The Turner prize-nominated artist says “Stem” – which stands for science, technology, engineering and mathematics – should be changed to “Steam” to include the arts, which he believes are at the core of a rounded education.
He said: “I think it is really important because if you talk to anybody, any professional within engineering, for example, in order to be a good engineer, you need to have creativity in order to do that job. Creativity is part of learning … It’s part of problem solving.”
On Monday, Shrigley unveiled the Mantis Muse, a towering nine-metre sculpture that is at the centre of a two-week alternative curriculum he is bringing to his former comprehensive school in Leicestershire, which he hopes will start a national conversation about the importance of the arts in education.
“Art subjects are the only subjects that give kids agency to do something, because the way you learn to do maths, the way you learn to do science, is really just about … remembering information and being able to apply that information to problem solving,” he said.
“Whereas an art education – particularly fine art and visual art – is about setting your own path, setting your own parameters, creating your own project. And that agency is really important to kids’ development … I think that it’s a profound mistake to take the A out of the Stem.”
Students at Beauchamp College in Oadby, where Shrigley was a student in the 1980s, were confronted by the giant insect on Monday, which sits in the middle of the school’s art and design block, with the artist’s lesson plan launching on the same day.
Staff and pupils will have the chance to take part in yoga classes, kung fu lessons, screen-printing workshops, bug drawing and attend a talk from animal behaviour and mantids specialist Dr Vivek Nityananda, and Plunge Creations, the company that made the insect for Shrigley.
A-level students in England have increasingly dropped humanities and arts subjects in favour of a limited number of science-based subjects, and concerns have been raised about the lack of children from black Caribbean backgrounds taking Stem subjects.
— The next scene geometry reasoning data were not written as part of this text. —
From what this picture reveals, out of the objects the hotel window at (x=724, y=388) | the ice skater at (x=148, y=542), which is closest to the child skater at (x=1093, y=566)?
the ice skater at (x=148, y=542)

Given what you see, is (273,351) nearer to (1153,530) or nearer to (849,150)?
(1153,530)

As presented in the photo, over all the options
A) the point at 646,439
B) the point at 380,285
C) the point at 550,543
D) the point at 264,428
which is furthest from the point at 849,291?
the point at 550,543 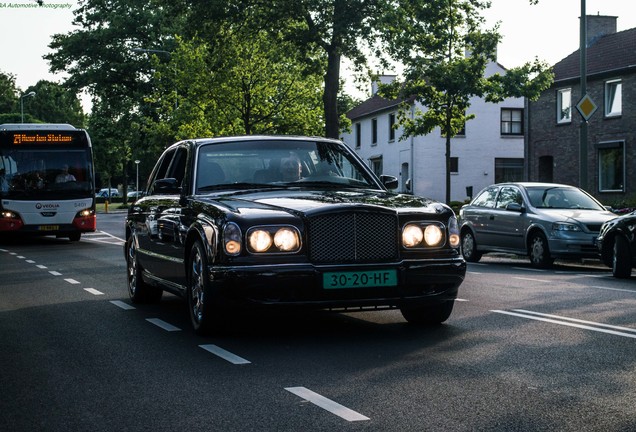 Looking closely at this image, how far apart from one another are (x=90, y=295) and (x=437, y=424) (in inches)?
310

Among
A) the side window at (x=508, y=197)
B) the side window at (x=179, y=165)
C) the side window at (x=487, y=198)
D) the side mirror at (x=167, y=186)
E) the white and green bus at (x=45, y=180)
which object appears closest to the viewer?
the side mirror at (x=167, y=186)

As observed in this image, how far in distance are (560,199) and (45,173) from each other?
1354cm

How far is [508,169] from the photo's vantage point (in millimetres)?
56906

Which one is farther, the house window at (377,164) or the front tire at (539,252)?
the house window at (377,164)

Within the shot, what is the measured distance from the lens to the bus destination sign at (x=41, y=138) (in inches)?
985

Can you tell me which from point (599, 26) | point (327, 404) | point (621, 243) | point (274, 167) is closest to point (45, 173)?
point (621, 243)

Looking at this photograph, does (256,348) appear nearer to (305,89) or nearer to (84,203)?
(84,203)

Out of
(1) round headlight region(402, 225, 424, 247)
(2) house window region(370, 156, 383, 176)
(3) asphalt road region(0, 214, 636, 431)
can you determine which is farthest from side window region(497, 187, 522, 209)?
(2) house window region(370, 156, 383, 176)

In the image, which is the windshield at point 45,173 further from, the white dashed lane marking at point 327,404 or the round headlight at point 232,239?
the white dashed lane marking at point 327,404

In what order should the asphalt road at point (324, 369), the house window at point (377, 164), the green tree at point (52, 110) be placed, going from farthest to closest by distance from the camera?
the green tree at point (52, 110) → the house window at point (377, 164) → the asphalt road at point (324, 369)

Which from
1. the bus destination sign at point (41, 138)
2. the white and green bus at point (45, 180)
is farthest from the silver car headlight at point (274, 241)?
the bus destination sign at point (41, 138)

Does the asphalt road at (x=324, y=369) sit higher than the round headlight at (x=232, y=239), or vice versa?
the round headlight at (x=232, y=239)

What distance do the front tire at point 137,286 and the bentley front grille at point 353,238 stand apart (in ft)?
12.3

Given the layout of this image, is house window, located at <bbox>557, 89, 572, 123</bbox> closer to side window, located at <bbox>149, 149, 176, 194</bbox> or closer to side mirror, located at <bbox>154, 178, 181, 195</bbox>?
side window, located at <bbox>149, 149, 176, 194</bbox> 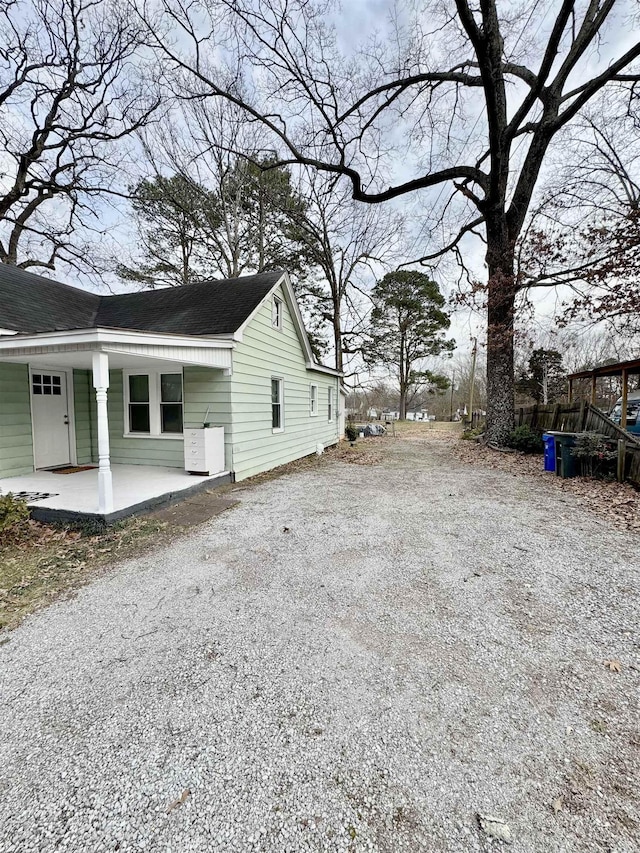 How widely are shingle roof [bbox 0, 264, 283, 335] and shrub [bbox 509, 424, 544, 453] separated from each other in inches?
331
In the summer, a report by the British Academy and the National Foundation for Educational Research found that over the past decade fewer students were combining humanities such as English or music with sciences or maths.
More than half of students in England were choosing at least one humanities subject until 2015-16 – but by 2021-22, just 38% of students took at least one humanities course. The drop in arts subjects such as music, design and media studies was even more dramatic and started earlier, falling to 24% in 2021-22.
Last month, in an exclusive interview with the Guardian, the culture secretary, Lisa Nandy, accused the previous Conservative government of “vandalism” and “violent indifference” to the arts, which meant communities across the country were deprived of access to culture.
Nandy singled out the school curriculum as being a particular problem area, saying Tory ministers had dismissed arts subjects as “Mickey Mouse” while “erasing” them from the classroom.
The number of students taking arts GCSEs has dropped by 47% since 2010.
Shrigley said Nandy’s comments were “really encouraging”, adding that “hopefully she can make some progress in that regard”.
The Mantis Muse, which is made from steel and fibreglass and uses a mechanical system to rotate the insect’s head, is Shrigley’s latest intervention and echoes his Life Model installation displayed at the Turner prize in 2013.
Known for his sense of humour, last year Shrigley collected 6,000 copies of Dan Brown’s novel The Da Vinci Code – after a Swansea charity shop had jokingly appealed for people to stop donating copies – and recycled them, turning them into a new edition of George Orwell’s Nineteen Eighty-Four.
“George Orwell, I think, always intended it to be a warning,” he said. “It wasn’t necessarily a parable of an existing state, but it was kind of a warning of what can happen when we don’t value our democracy.”